An irresistible online purchase only comes to us in two ways: while surfing the Internet or through an unsolicited offer through email. If we are prepared to judge the reliability of a site purely by the appearance of a site, we are most probably courting serious trouble for ourselves. If we can use appearance as a basis for judgment for brick-and-mortar stores, we might not fare quite as well with online stores.
It is far more difficult for physical stores to deceive customers because of the actual preparation required to create the right elements for deception. A deceptive online store simply needs a flashy website and prospective customers who do not care much for confirming that status of the business they are transacting with. Deceivers are masters of detecting opportunities as manifested by readily trusting buyers.
The reputation of online businesses can be verified with certain agencies such as the Better Business Bureau in the area where a seller is supposed to be located. This is why it is important to obtain a physical address and not merely settle for a P.O. Box or telephone number. The given phone number should also be tested to check if it is actually working or existing. The same can be done for emails just to make sure that the given accounts are active.
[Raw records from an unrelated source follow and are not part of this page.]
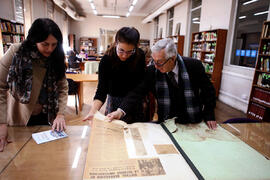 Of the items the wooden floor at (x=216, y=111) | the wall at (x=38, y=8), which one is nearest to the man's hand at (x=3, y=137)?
the wooden floor at (x=216, y=111)

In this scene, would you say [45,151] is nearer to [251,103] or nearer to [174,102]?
[174,102]

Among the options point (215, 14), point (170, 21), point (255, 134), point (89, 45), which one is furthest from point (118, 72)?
point (89, 45)

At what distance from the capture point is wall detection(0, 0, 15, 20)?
5586mm

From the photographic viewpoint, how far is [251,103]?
414 centimetres

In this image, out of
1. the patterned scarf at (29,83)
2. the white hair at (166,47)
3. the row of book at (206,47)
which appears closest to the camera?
the patterned scarf at (29,83)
A legitimate business will be willing, if not eager to provide its real contact information. What is the sense of hiding such important information when the main purpose is to get customers? It is best to avoid transacting with companies that are less than forthright with their information. Extra care should be accorded to transactions that involve foreign addresses since it is usually more difficult to confirm legitimacy. Paying through credit cards is a safer option because there is a chance for recovery in case a problem arises. Online purchase scams can be avoided with a little more effort than usual.